Around the time Morrison was first sued in Federal District Court, the Supreme Court decided the landmark case of U.S. v. Lopez. At issue in Lopez was a law in which Congress made it illegal to carry a firearm within a certain radius of a school building. Congress justified this law under the Commerce Clause. The Rehnquist Court, however, found the law unconstitutional because the subject matter had “nothing to do with ‘commerce’ or any sort of economic enterprise, however broadly one might define those terms.”

US v. Morrison: Strengthening the Commerce Clause
Antonio Morrison’s mother outside the Supreme Court

Shortly after, the Fourth Circuit sitting en banc vacated the panel decision and affirmed the District Court ruling in Morrison’s favor. Brzonkala’s attorneys appealed that decision to the Supreme Court. U.S. v. Morrison was CIR attorney Michael Rosman’s first appearance before the Supreme Court, and despite facing the well-funded feminist organizations and the Clinton Administration attorneys defending VAWA, he scored a victory that vindicated Morrison’s individual rights and protected the classical principles of federalism.

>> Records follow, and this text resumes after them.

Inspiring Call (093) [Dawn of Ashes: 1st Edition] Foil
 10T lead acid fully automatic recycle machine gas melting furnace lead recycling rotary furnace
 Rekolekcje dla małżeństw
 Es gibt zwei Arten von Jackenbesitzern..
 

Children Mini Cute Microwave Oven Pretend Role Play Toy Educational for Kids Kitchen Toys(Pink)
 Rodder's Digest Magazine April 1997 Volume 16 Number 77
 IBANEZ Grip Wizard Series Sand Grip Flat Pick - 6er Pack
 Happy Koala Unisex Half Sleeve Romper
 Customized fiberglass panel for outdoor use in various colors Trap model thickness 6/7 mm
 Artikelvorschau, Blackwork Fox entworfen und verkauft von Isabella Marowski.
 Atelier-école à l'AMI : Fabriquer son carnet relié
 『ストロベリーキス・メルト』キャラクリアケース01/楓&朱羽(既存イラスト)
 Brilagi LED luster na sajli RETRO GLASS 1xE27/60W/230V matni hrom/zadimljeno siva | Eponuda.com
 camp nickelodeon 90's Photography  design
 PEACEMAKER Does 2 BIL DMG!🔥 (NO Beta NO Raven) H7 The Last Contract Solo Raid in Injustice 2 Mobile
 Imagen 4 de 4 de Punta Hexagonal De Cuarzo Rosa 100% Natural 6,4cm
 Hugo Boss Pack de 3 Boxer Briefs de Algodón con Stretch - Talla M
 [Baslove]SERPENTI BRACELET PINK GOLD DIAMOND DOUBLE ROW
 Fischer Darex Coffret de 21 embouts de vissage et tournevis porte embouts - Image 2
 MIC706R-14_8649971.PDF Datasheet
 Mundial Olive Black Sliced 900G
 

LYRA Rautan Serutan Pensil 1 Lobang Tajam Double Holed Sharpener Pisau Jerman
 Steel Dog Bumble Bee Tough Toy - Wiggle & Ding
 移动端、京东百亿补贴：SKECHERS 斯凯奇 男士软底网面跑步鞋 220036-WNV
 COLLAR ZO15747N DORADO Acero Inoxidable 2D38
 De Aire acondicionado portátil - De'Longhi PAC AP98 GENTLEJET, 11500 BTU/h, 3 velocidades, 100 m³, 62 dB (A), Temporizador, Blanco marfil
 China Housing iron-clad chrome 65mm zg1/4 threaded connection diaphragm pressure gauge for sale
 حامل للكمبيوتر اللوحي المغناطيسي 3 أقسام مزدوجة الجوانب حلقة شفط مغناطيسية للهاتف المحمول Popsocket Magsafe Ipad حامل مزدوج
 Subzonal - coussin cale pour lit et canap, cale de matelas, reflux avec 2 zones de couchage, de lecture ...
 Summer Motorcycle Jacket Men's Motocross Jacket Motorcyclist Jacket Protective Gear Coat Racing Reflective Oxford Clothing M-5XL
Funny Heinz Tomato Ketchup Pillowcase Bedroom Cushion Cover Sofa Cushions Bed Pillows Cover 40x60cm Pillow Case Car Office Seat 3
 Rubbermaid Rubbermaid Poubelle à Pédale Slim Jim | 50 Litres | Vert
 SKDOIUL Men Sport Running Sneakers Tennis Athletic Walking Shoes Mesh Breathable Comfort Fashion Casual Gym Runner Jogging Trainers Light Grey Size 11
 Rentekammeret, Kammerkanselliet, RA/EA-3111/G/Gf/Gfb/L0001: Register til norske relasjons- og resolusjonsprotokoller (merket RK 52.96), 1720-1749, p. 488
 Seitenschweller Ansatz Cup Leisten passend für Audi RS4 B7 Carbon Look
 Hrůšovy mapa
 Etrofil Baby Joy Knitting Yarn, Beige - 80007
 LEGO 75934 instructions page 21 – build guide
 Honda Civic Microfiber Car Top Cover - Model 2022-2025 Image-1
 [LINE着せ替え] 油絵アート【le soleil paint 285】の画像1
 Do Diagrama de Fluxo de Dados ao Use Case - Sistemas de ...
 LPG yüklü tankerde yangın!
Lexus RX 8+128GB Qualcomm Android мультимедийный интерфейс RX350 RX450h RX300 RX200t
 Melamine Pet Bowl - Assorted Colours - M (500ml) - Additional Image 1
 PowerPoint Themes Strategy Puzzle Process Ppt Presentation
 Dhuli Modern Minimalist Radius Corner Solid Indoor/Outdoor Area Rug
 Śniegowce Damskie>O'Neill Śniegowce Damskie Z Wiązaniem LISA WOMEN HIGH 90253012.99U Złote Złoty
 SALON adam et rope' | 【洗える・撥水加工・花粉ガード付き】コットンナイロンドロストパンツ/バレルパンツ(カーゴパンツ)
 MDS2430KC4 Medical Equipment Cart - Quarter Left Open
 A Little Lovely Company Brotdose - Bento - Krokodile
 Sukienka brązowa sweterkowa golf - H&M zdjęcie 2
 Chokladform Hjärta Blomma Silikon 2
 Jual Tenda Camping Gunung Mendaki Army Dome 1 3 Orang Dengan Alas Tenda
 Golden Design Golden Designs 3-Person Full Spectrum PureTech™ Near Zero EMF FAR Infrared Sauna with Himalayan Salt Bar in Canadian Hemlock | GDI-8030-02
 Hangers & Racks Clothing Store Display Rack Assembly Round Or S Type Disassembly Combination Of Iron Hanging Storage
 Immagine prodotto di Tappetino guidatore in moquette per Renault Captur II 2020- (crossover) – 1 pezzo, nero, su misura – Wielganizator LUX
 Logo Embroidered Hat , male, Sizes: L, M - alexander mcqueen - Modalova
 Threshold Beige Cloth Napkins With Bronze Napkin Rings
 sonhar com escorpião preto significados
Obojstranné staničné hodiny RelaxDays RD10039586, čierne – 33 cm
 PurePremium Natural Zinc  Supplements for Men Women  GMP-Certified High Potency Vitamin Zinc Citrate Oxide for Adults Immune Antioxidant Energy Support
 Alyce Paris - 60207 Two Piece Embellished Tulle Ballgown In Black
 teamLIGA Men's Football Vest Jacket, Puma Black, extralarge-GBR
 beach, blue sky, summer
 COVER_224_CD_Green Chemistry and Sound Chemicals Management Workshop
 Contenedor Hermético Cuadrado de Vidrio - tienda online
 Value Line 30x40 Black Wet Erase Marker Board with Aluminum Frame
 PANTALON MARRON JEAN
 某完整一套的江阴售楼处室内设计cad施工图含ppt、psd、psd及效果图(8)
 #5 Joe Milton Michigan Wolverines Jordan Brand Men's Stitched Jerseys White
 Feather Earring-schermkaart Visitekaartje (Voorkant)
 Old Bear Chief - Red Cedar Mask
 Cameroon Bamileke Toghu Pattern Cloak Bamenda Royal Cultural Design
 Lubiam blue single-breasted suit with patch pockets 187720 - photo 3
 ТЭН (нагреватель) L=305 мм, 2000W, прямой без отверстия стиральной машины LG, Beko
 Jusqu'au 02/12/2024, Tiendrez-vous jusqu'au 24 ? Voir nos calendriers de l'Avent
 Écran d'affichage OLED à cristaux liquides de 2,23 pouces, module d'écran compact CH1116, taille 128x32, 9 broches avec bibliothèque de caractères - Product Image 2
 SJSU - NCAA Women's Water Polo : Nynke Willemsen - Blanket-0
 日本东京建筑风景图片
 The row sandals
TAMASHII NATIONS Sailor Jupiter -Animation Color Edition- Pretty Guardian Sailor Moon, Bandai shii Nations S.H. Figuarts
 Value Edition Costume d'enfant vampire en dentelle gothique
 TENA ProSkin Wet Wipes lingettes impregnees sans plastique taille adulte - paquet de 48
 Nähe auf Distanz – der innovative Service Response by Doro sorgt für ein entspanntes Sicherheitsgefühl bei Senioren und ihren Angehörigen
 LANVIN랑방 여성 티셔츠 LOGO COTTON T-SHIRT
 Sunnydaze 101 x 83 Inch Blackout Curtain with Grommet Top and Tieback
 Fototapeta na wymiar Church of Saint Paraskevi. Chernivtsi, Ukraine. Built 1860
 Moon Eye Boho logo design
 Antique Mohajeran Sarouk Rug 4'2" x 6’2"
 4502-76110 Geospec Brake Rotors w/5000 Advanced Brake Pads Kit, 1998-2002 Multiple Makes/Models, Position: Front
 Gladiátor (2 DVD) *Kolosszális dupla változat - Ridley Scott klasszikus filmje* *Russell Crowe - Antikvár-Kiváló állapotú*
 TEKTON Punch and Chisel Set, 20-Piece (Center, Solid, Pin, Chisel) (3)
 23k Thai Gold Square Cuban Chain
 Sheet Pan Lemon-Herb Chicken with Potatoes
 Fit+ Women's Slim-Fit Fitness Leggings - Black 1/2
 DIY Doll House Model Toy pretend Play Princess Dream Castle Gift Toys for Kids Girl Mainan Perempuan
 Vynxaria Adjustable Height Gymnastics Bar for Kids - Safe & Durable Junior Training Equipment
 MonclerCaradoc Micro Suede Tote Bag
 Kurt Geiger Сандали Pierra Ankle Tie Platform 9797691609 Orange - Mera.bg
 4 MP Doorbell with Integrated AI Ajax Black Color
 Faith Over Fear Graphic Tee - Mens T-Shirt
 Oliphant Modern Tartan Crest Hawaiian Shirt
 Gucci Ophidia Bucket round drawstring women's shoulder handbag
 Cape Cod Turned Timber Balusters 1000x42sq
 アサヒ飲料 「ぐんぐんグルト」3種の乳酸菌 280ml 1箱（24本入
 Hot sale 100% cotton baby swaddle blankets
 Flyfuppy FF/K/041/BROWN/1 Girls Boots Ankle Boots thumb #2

In a 5-4 decision authored by Justice Rehnquist, the Supreme Court agreed with CIR and struck down the civil remedies provision of VAWA. Justice Rehnquist, writing for the Court, observed the importance of the case by noting, “the concern… that Congress might use the Commerce Clause to completely obliterate the Constitution’s distinction between national and local authority seems well founded.”

The Legacy of United States v. Morrison

Together with U.S. v. Lopez, U.S. v. Morrison stands as one of the turning points in Commerce Clause jurisprudence. After the excesses of the New Deal, the principles of the Constitution were called upon to place real limits on Congressional power. As CIR’s Michael Rosman explained in wake of the victory, “the court is now requiring congress to toe the constitutional line.”

The effect of these changes in Commerce Clause jurisprudence can be seen in the recent case of NFIB v. Sebelius. In that case, the Court considered the constitutionality of the Affordable Health Care Act’s individual mandate to purchase health insurance. Five of the justices, citing to U.S. v. Morrison eight times, agreed that such expansive power could not be justified under the Commerce Clause. Because the Commerce Clause no longer gave Congress carte blanche to regulate as it pleased, a coalition of justices had to resort to an act of legal juggling to preserve the law under Congress’ taxing power.

Over twenty years later, U.S. v. Morrison is required reading in many Constitutional Law classes and is universally recognized as one of the landmark Commerce Clause cases and a victory for individual rights.